[Data entries]
++++++++++

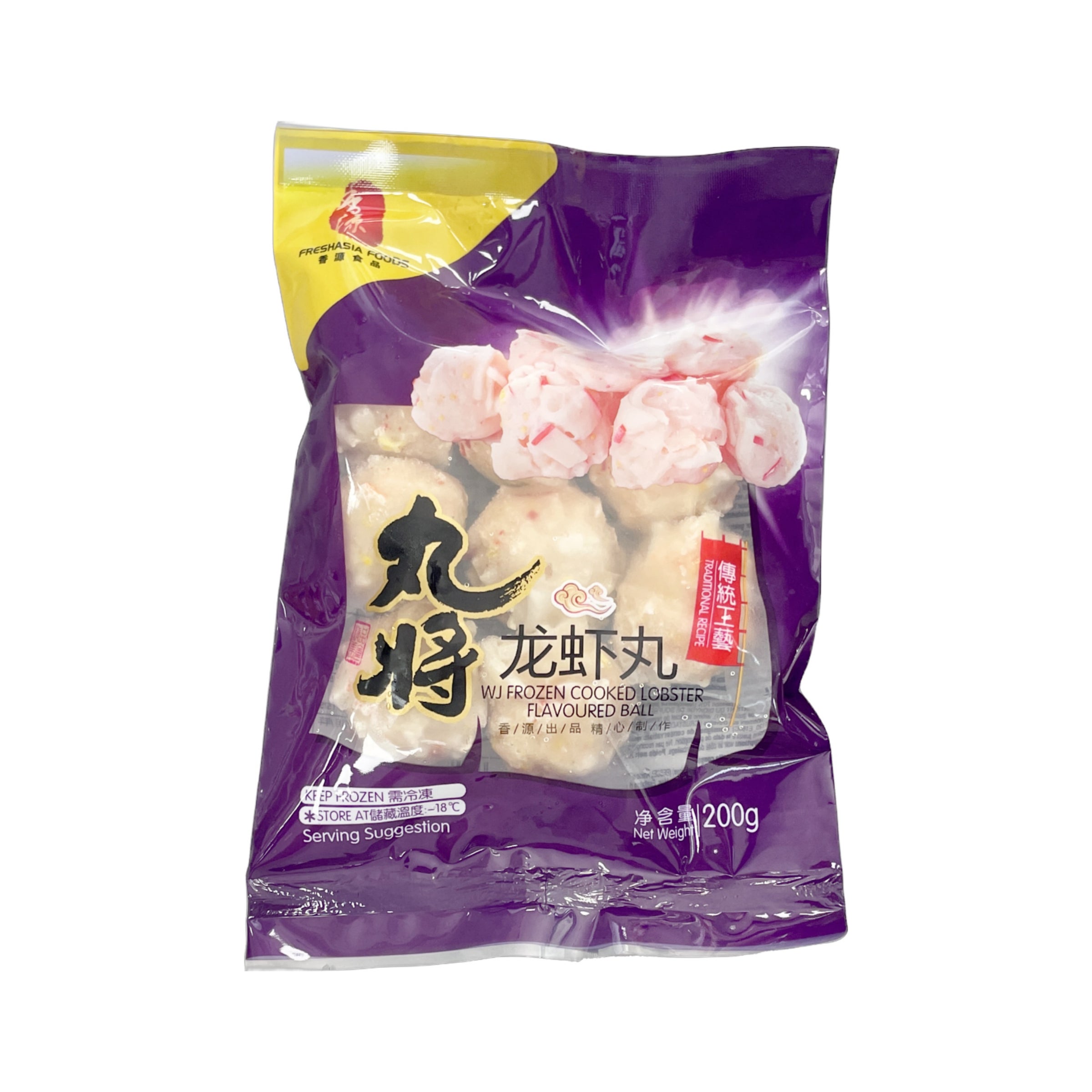 丸将龙虾丸200g WJ Lobster Flavoured Ball 200g | UNIMART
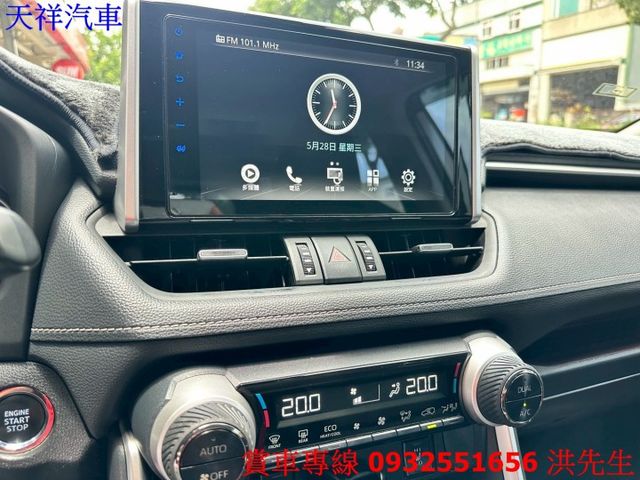 I-KEY 盲點 環景 ACC跟車 車況極佳 喜歡電話洽詢天祥汽車 0932-551656。  第6張相片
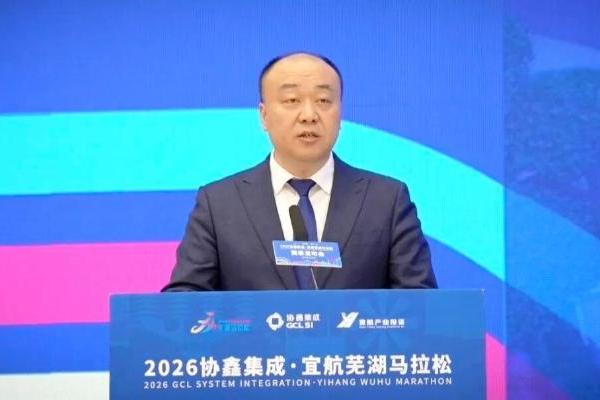 一往“芜”前，飞向春天 | 2026协鑫集成·宜航芜湖马拉松赛事发布会召开 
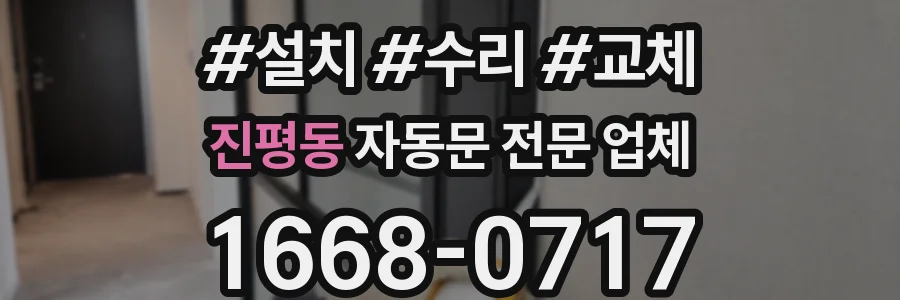 진평동 자동문 전문 업체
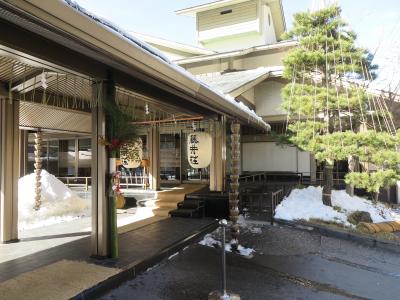 年末旅行　藤井荘に泊まる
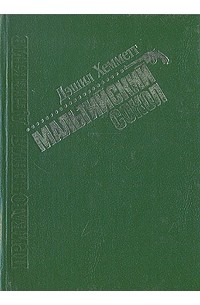 Дэшил Хэммет - Мальтийский сокол (сборник)
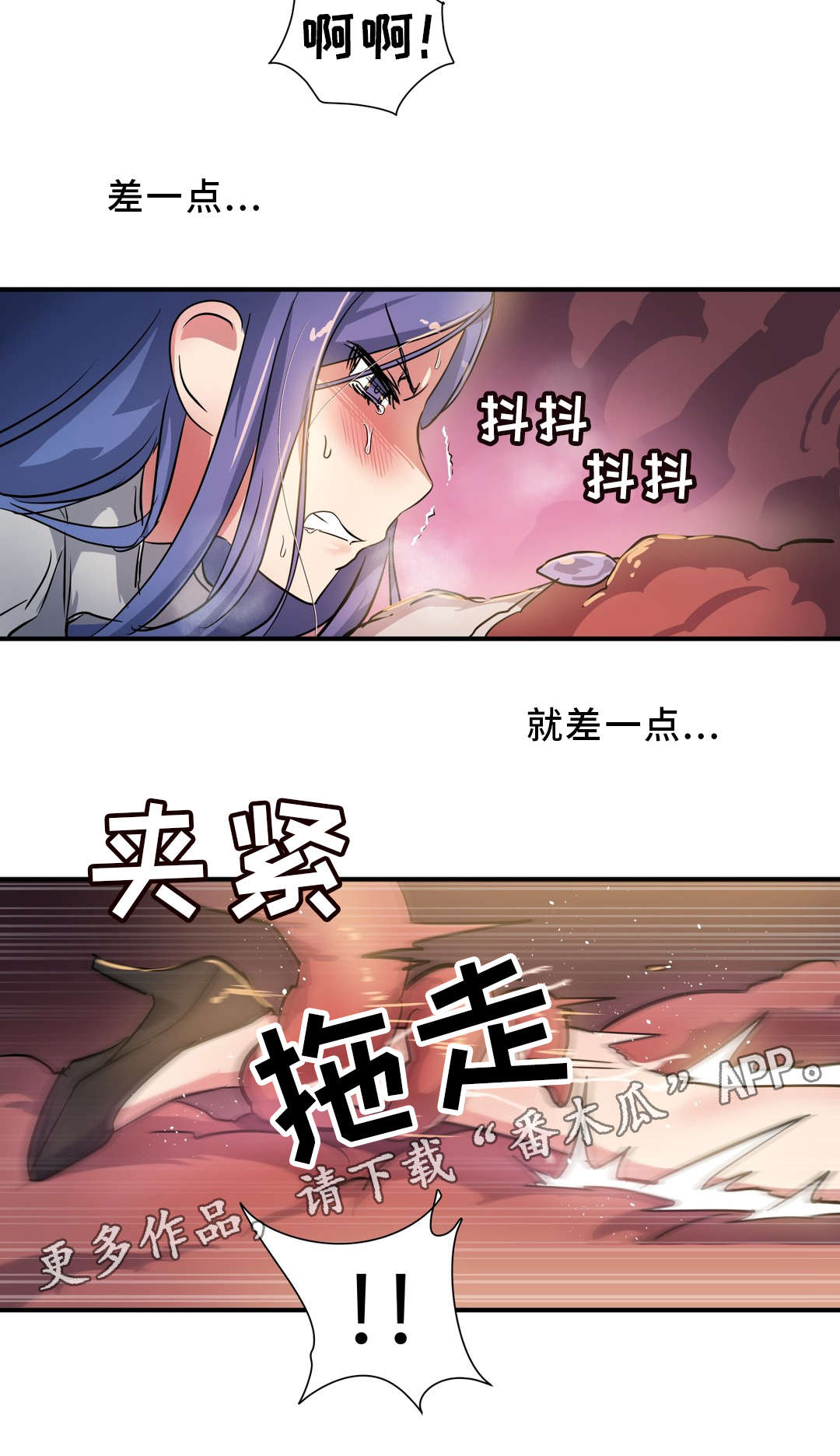地狱游行漫画,第53章：绝望2图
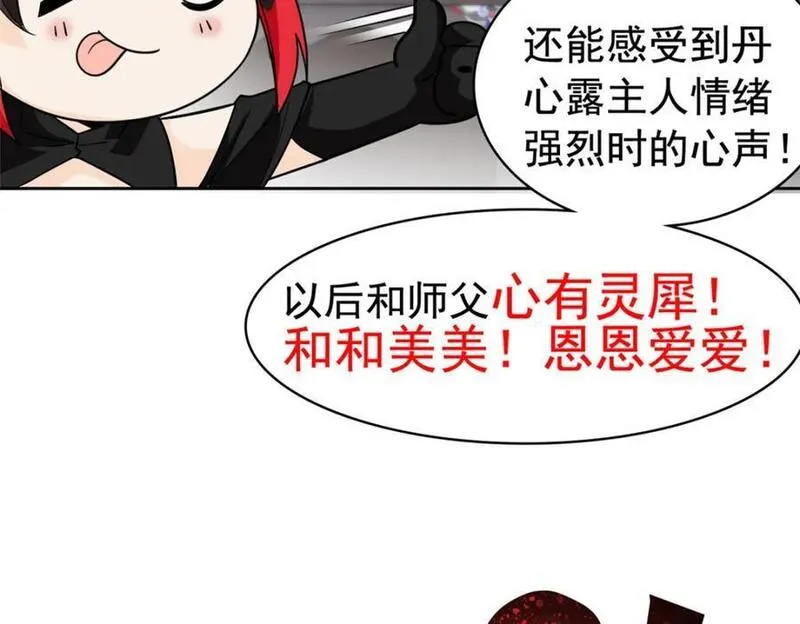 从精神病院走出的强者漫画,200 为了师父，我们好难！67图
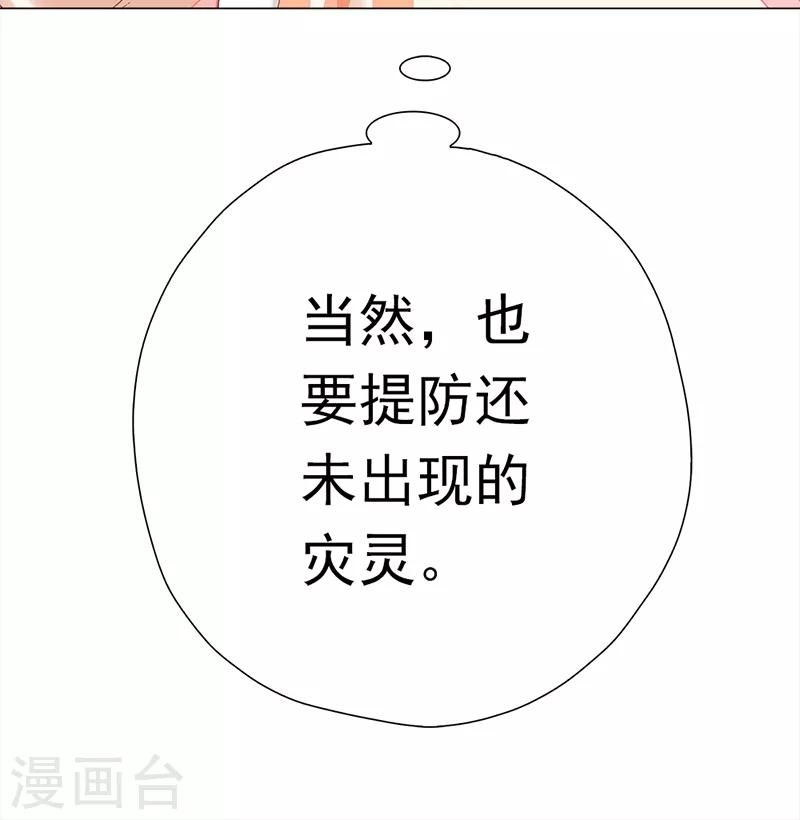 第36话 重新编篡(1/2)-第36话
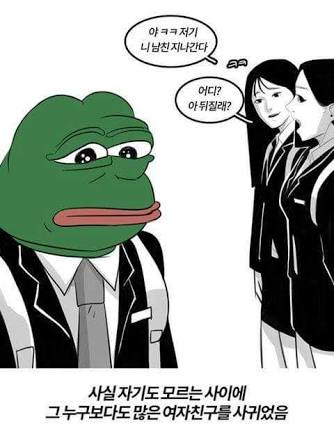 방금 여고생이랑 밥먹음ㅎㅎ.jpg_3.jpg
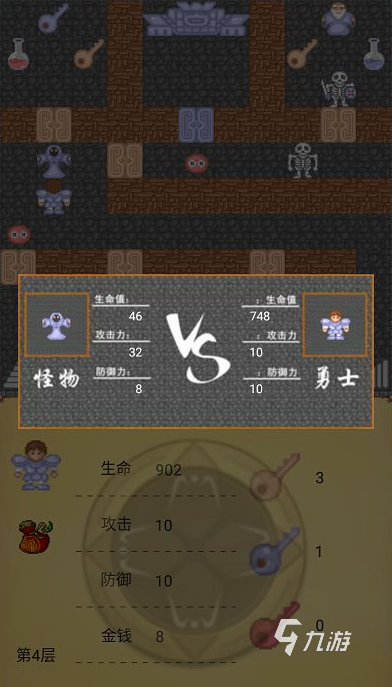 熱門(mén)的經(jīng)典單機(jī)游戲有哪些 2024必玩的單機(jī)游戲下載推薦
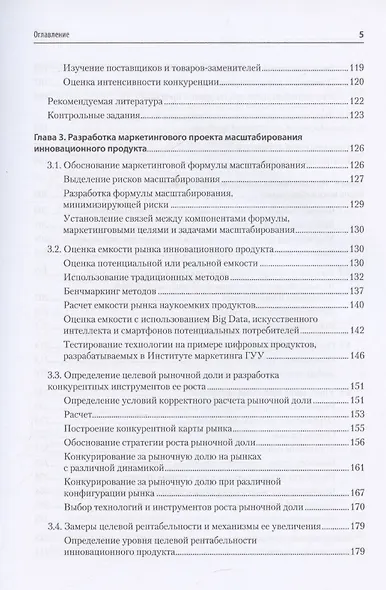 Маркетинг инноваций. Учебник для вузов - фото 11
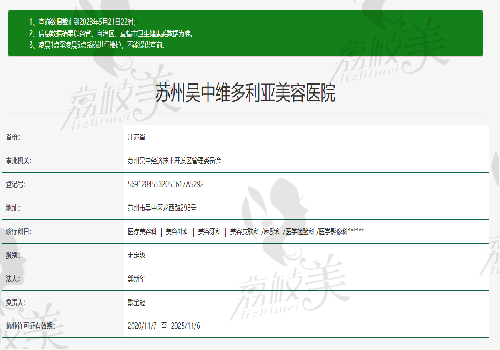 苏州维多利亚整形医院卫健委图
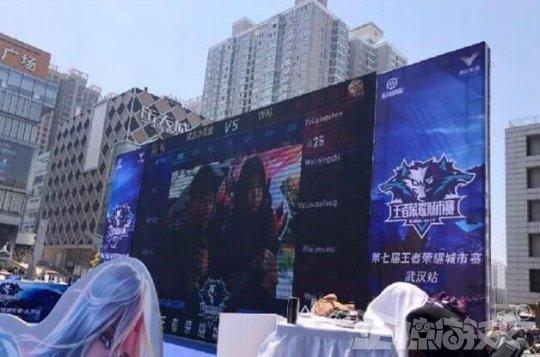 附近 附近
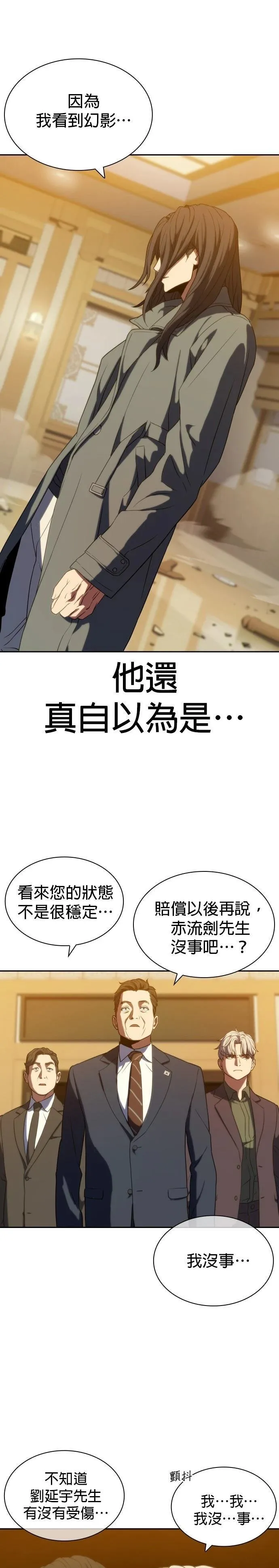 第5话 第4页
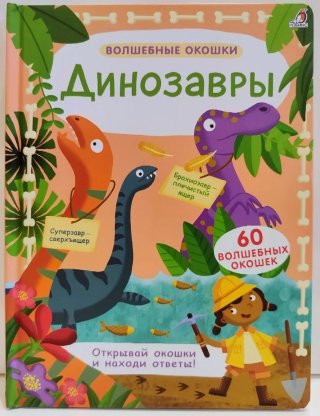 Libros infantiles en ruso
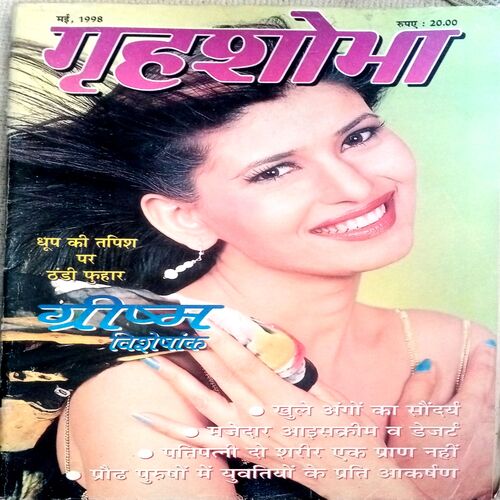 Grihshobha (May 1998)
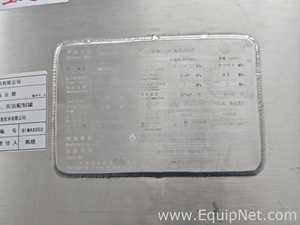 Tanque Weibang Biotechnology Co., Ltd. Requisitos de Ar 300 L
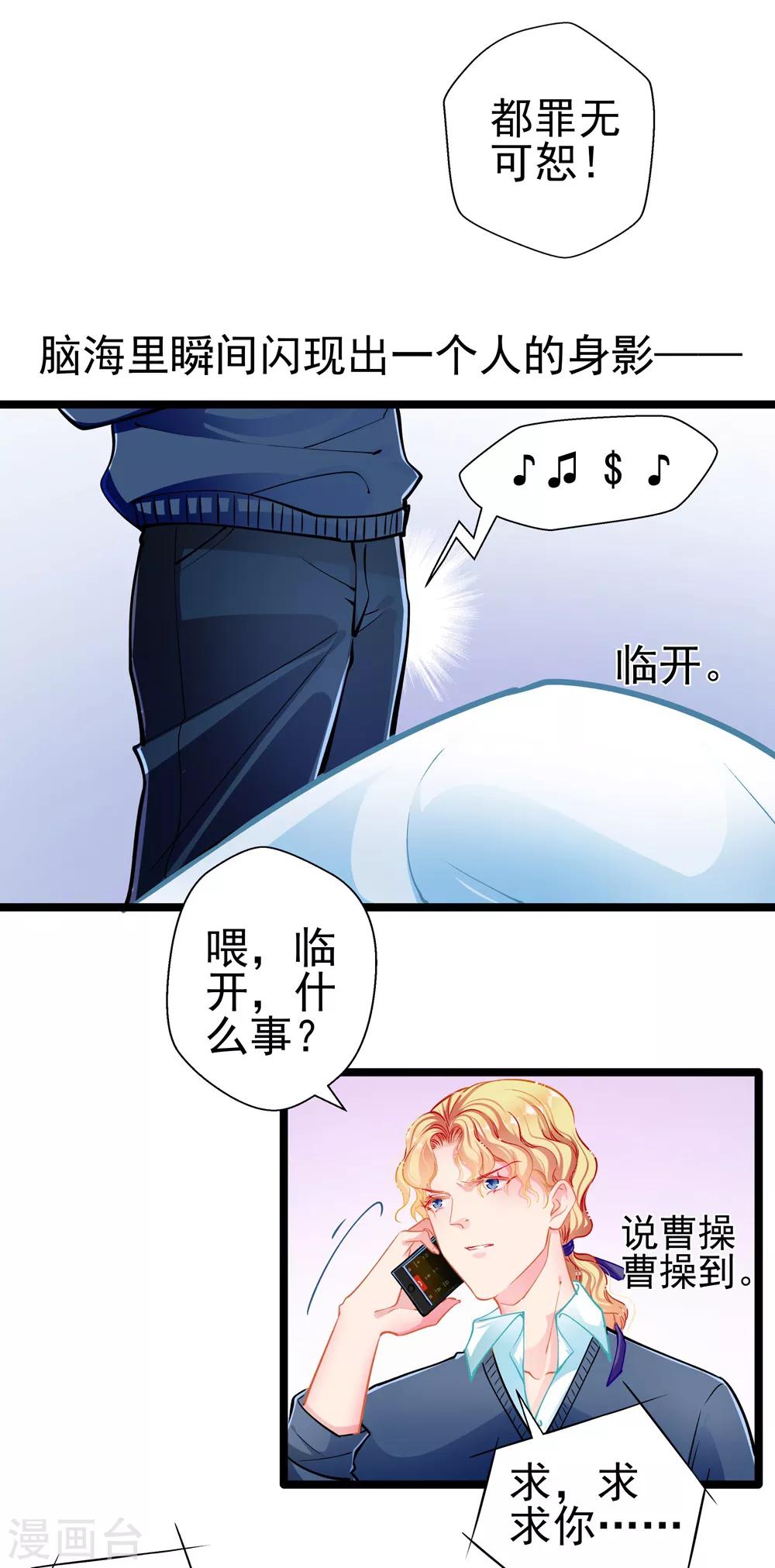 第79话 争执15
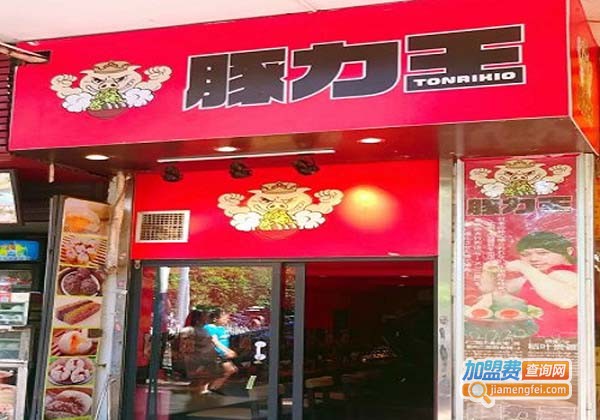 豚力王二郎拉面加盟费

++++++++++

**DIRECTIONS:** Please repeat the entries exactly. Do not include the pictures.

**ANSWER FOR THIS EXERCISE:**
 丸将龙虾丸200g WJ Lobster Flavoured Ball 200g | UNIMART
 I-KEY 盲點 環景 ACC跟車 車況極佳 喜歡電話洽詢天祥汽車 0932-551656。  第6張相片
 一往“芜”前，飞向春天 | 2026协鑫集成·宜航芜湖马拉松赛事发布会召开 
 진평동 자동문 전문 업체
 年末旅行　藤井荘に泊まる
 Дэшил Хэммет - Мальтийский сокол (сборник)
地狱游行漫画,第53章：绝望2图
 从精神病院走出的强者漫画,200 为了师父，我们好难！67图
 第36话 重新编篡(1/2)-第36话
 방금 여고생이랑 밥먹음ㅎㅎ.jpg_3.jpg
 熱門(mén)的經(jīng)典單機(jī)游戲有哪些 2024必玩的單機(jī)游戲下載推薦
 Маркетинг инноваций. Учебник для вузов - фото 11
 苏州维多利亚整形医院卫健委图
 附近 附近
 第5话 第4页
 Libros infantiles en ruso
 Grihshobha (May 1998)
 Tanque Weibang Biotechnology Co., Ltd. Requisitos de Ar 300 L
 第79话 争执15
 豚力王二郎拉面加盟费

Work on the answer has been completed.